## Exercise description
Every line below from the one with "Motif Google Akuisisi Waze" through the one with "Perspectiva homeopatica" is to be repeated exactly, with no picture among them.

## Information supplied
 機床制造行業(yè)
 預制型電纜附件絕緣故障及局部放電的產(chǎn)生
==
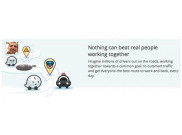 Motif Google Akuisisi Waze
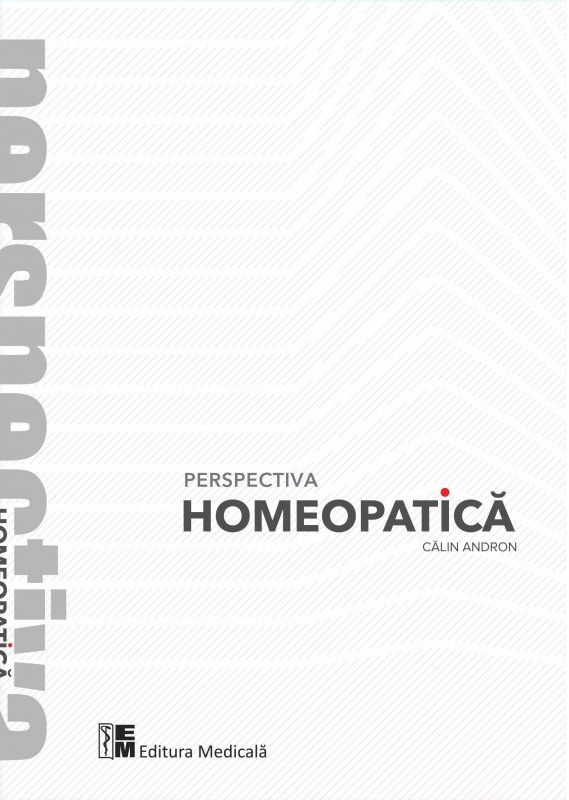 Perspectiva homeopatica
...
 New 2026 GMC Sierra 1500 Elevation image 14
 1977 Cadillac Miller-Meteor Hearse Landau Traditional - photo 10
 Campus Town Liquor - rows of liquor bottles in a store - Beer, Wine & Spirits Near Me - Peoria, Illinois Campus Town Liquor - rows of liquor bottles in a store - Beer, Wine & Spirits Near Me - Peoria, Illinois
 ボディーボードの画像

## Exercise answer
 Motif Google Akuisisi Waze
 Perspectiva homeopatica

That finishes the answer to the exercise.